WHAT YOU WILL DO — Omit the images and output every line of the data below exactly.

Captioned web image data:

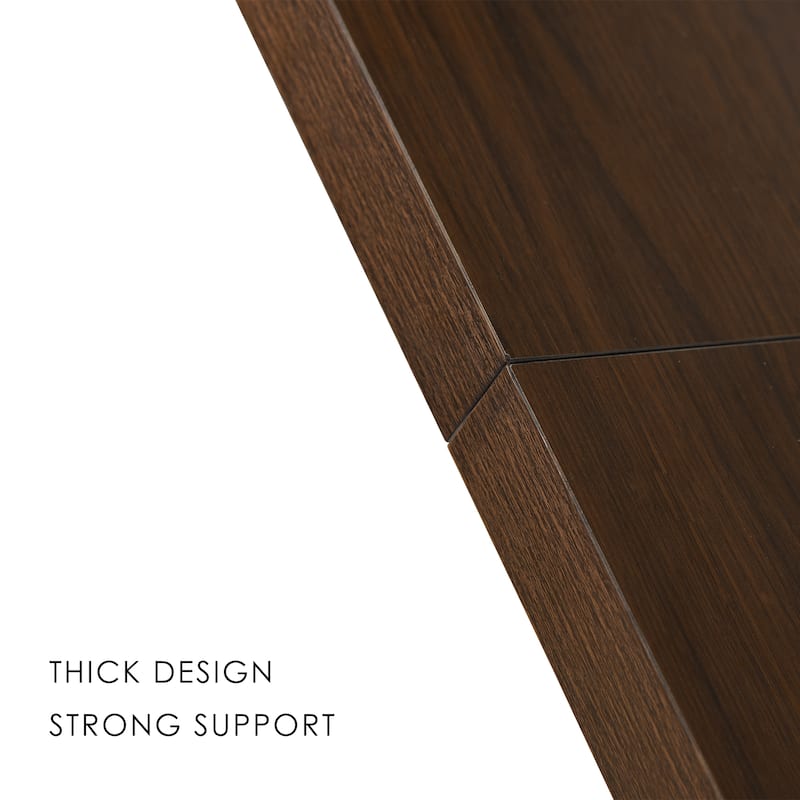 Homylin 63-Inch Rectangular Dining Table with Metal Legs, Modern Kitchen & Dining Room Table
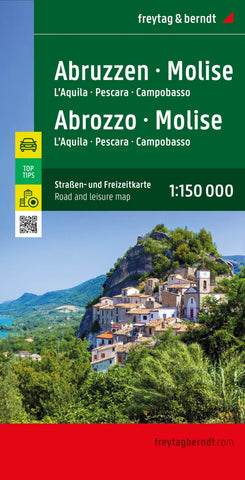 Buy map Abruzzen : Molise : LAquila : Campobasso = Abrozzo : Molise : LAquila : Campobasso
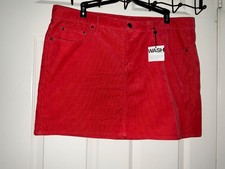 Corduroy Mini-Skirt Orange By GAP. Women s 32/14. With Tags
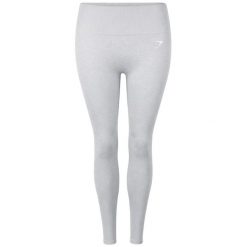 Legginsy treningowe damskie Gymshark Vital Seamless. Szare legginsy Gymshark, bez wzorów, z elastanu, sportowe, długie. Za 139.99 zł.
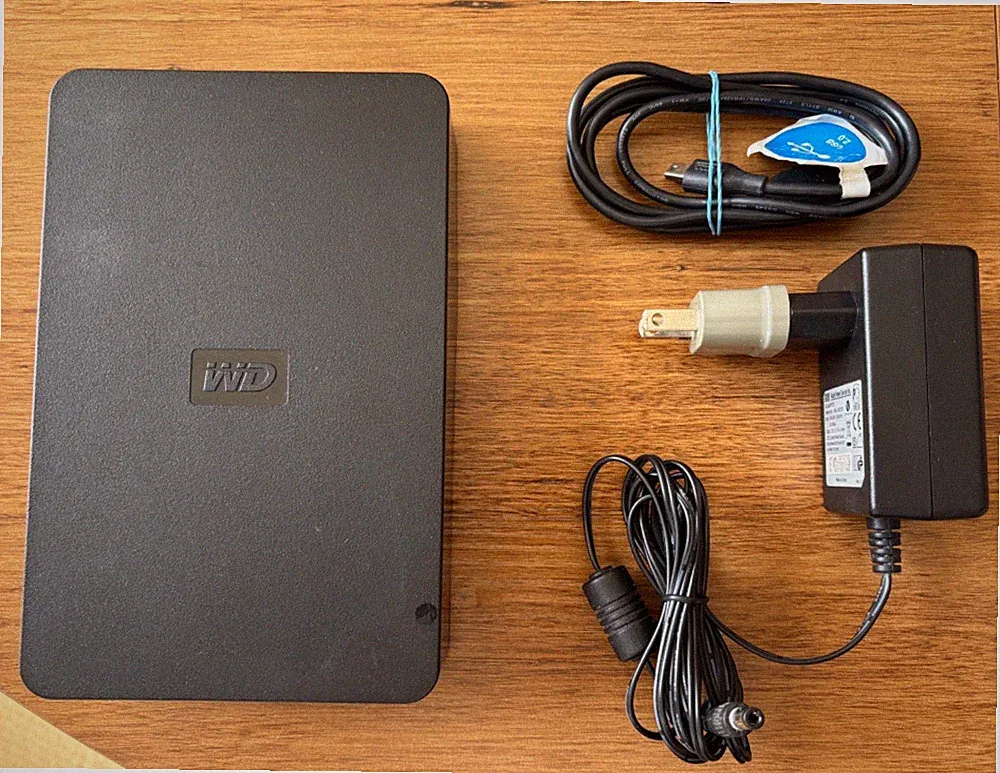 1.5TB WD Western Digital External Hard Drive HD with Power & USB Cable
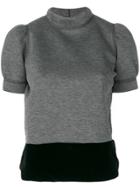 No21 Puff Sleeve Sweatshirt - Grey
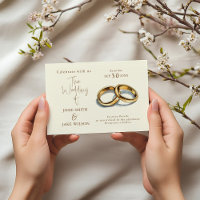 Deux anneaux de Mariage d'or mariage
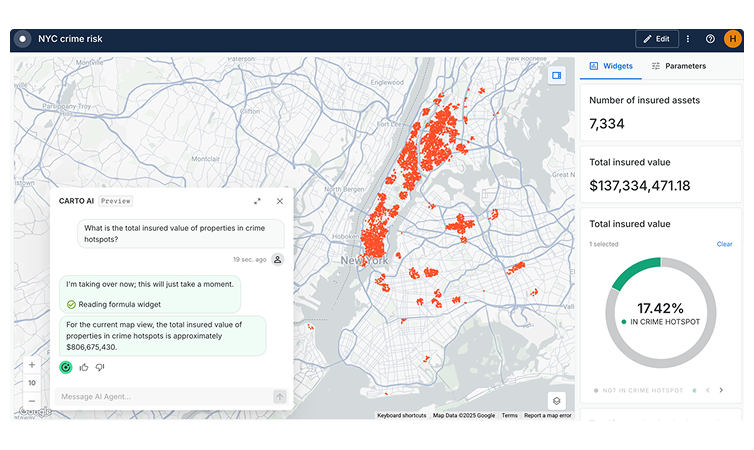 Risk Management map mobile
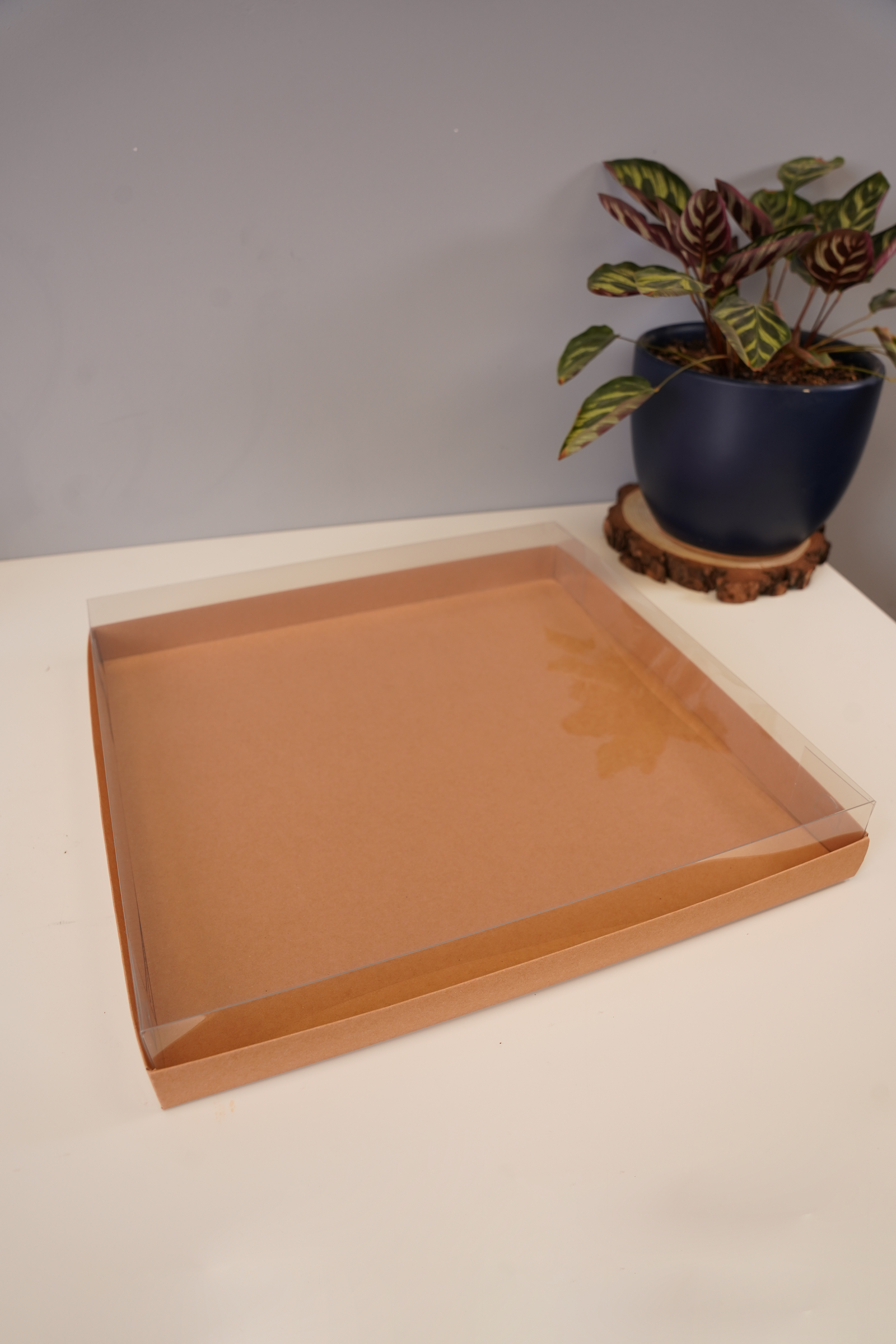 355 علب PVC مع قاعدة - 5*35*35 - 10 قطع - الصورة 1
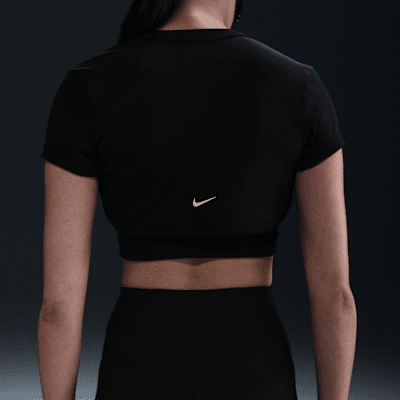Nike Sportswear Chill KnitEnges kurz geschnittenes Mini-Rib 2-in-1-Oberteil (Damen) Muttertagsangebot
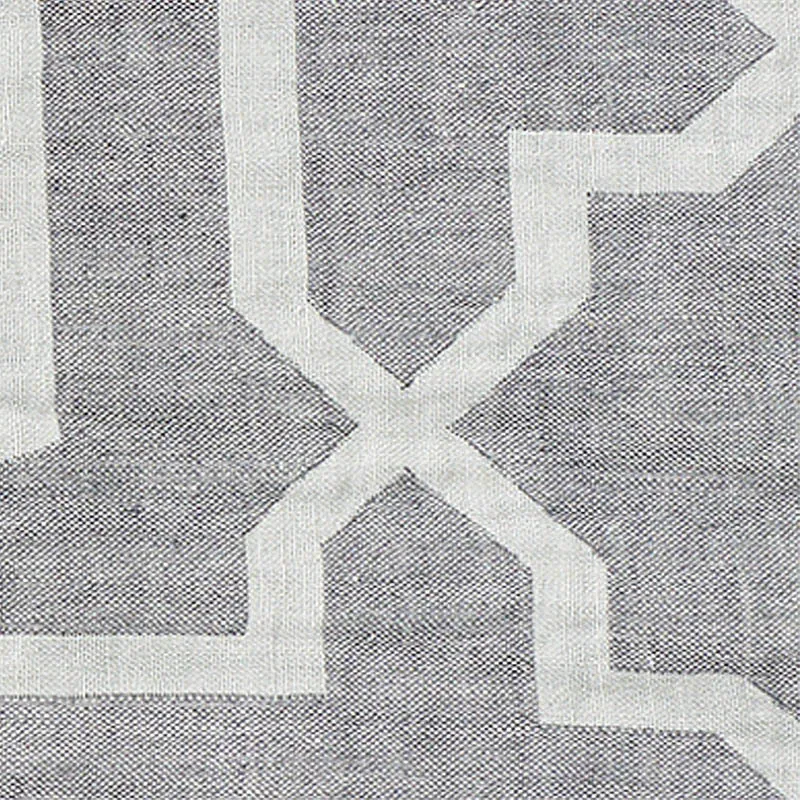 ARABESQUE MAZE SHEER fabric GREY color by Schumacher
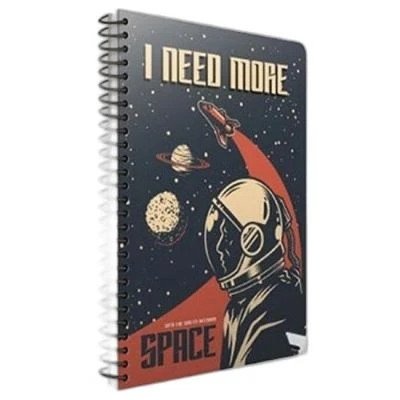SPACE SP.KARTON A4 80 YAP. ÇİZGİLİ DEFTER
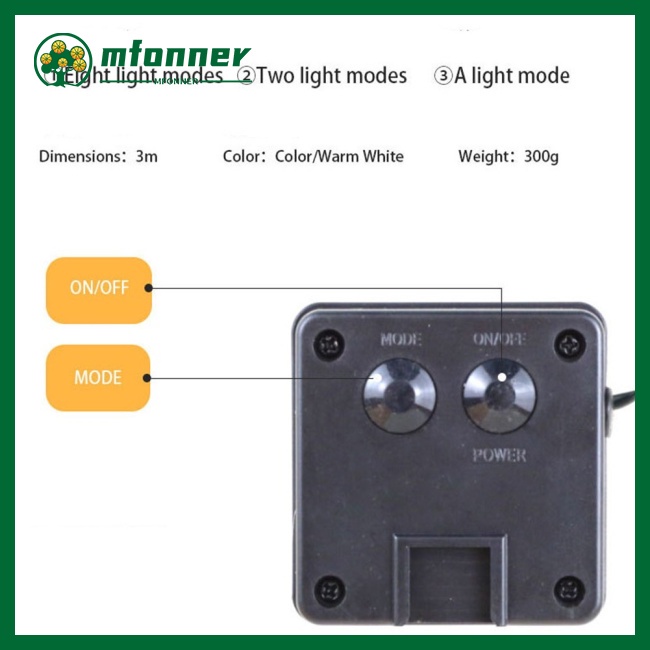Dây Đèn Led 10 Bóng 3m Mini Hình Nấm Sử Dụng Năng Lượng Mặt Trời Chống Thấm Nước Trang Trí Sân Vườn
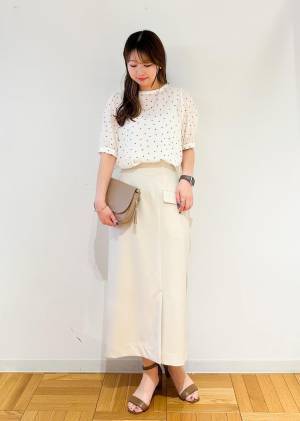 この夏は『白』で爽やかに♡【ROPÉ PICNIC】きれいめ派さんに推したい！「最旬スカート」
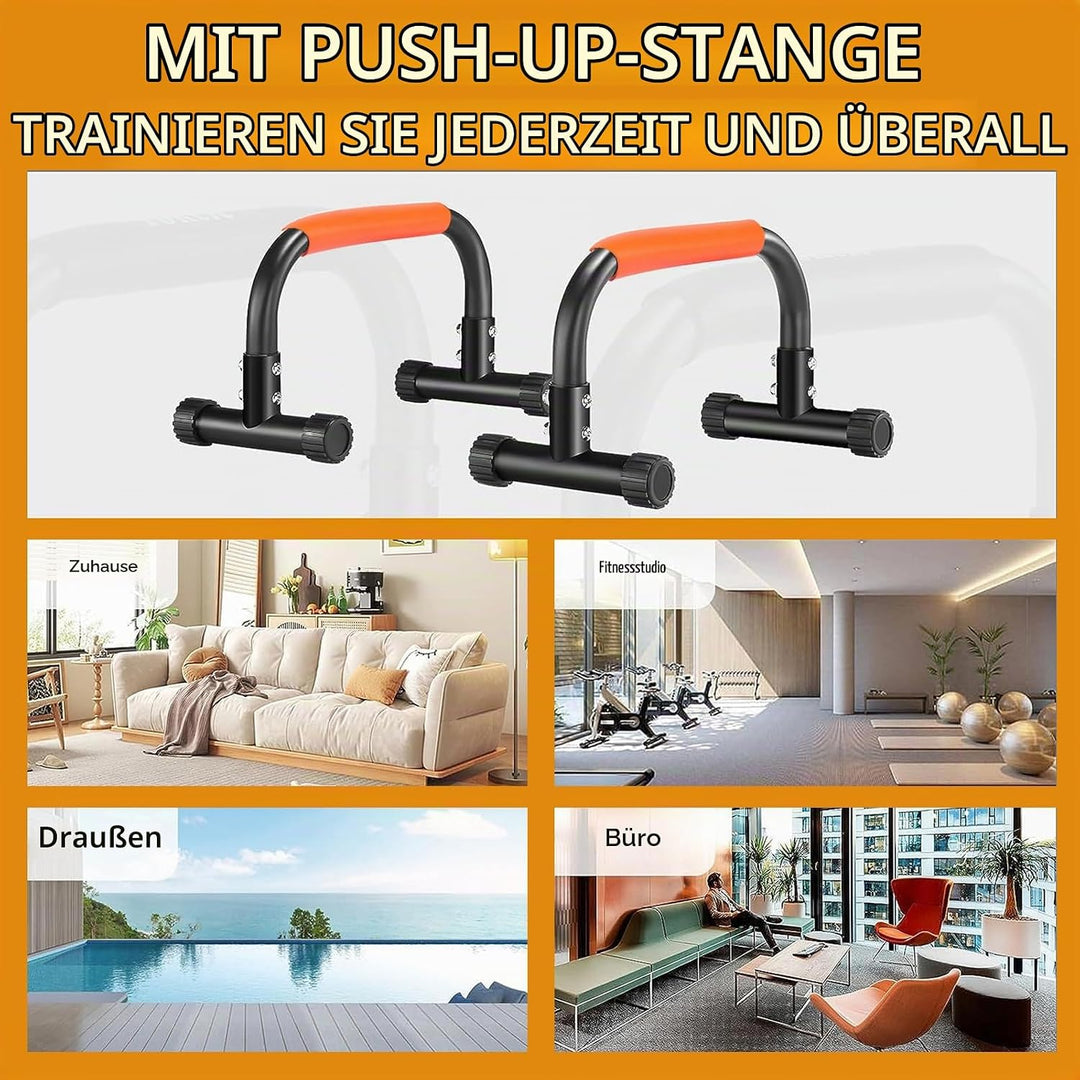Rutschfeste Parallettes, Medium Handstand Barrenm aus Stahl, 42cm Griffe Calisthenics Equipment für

EXERCISE ANSWER —
 Homylin 63-Inch Rectangular Dining Table with Metal Legs, Modern Kitchen & Dining Room Table
 Buy map Abruzzen : Molise : LAquila : Campobasso = Abrozzo : Molise : LAquila : Campobasso
 Corduroy Mini-Skirt Orange By GAP. Women s 32/14. With Tags
 Legginsy treningowe damskie Gymshark Vital Seamless. Szare legginsy Gymshark, bez wzorów, z elastanu, sportowe, długie. Za 139.99 zł.
 1.5TB WD Western Digital External Hard Drive HD with Power & USB Cable
 No21 Puff Sleeve Sweatshirt - Grey
 Deux anneaux de Mariage d'or mariage
 Risk Management map mobile
 355 علب PVC مع قاعدة - 5*35*35 - 10 قطع - الصورة 1
Nike Sportswear Chill KnitEnges kurz geschnittenes Mini-Rib 2-in-1-Oberteil (Damen) Muttertagsangebot
 ARABESQUE MAZE SHEER fabric GREY color by Schumacher
SPACE SP.KARTON A4 80 YAP. ÇİZGİLİ DEFTER
Dây Đèn Led 10 Bóng 3m Mini Hình Nấm Sử Dụng Năng Lượng Mặt Trời Chống Thấm Nước Trang Trí Sân Vườn
 この夏は『白』で爽やかに♡【ROPÉ PICNIC】きれいめ派さんに推したい！「最旬スカート」
Rutschfeste Parallettes, Medium Handstand Barrenm aus Stahl, 42cm Griffe Calisthenics Equipment für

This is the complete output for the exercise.